The neurological establishment in our country faces unprecedented challenges right now and I can confirm that your recently elected NASA executive committee (ExCo) has braced itself to deal with these effectively.
Already since the NASA AGM held in Stellenbosch in March of this year, ExCo has held three productive meetings. Agenda’s have included diverse, important issues including, amongst others, the development of a strategy to ensure effective representation of our members in private practice when negotiating future remuneration for their services, and NASA’s support for post-graduate neurological education.
In order to properly deal with the challenges presently confronting our neurological community, ExCo has established new elected portfolios in Private Practice, Education and Ethics, which are currently headed up by Dave Anderson, Dali Magazi and Wiebren Duim, respectively.
Over the past eight months, Dominic Giampaolo has ensured that our financial house remains in good order by ensuring a responsible, transparent and cautious fiscal policy to protect NASA’s healthy yet modest financial reserves.
Meanwhile, Dave has worked tirelessly to get to grips with the complicated and constantly changing political landscape, which our members in private practice will need to navigate in the years ahead. He has ensured that ExCo remains up to date with the crucial issues. His efforts mean that ExCo is now in a position to make tough yet well-informed policy decisions. For instance, after careful consideration, it is now the firm and unanimous opinion of ExCo that, going forward, NASA members in private practice will need to be formally represented on the South African Private Practice Forum (SAPPF). Although SAPPF membership comes with unequivocal material benefits, there will be significant cost implications for our members in terms of increased annual membership fees.
The NASA Education Portfolio under Dali has overseen NASA sponsorship for the 2012 and 2013 registrar teaching weekends and, being a senator in the College of Neurologists’ of South Africa, he is keeping a watchful eye on developments there. Fellowship of the College of Neurology is now the only local qualification enabling a specialist neurologist to practice as such in South Africa. Although the university-issued MMed qualification has been retained, and has even now become compulsory (in addition to the fellowship), a MMed no longer, alone, allows the holder to register as a specialist neurologist with the HPCSA. As a consequence, the College of Neurologists is grappling with the issue of maintaining standards on the one hand, while on the other hand having to deal with a marked rise in the numbers of candidates sitting the College Examinations and pressure from the Department of Health to increase the number of qualified neurologists in South Africa.

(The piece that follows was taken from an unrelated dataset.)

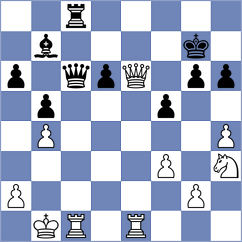 Lampard - Wilson (Chess.com INT, 2021)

I am happy to report that no issues have been referred to our Ethics Committee to date this year.
We all look forward to the next NASA congress convened by Professor Girish Modi, which will be held in Sandton from the 2nd to the 5th of April 2014. You will see that the 1st announcement lists no fewer than nine international speakers, all generously sponsored by the trade. As always, ExCo encourages all its NASA members to attend, despite distractions this year in the form of school holidays and the Argus Cycle Tour. Furthermore, ExCo strongly urges all NASA members, and especially those practicing in the private sector, to be present at the NASA AGM scheduled for 17h00 to 18h00 on Thursday April 3rd as there are crucially important issues which need to be decided at that meeting.
I would like to take this opportunity to assure all NASA members that your current ExCo has committed itself enthusiastically to effective, democratic, transparent and ethical governance of NASA affairs during its term.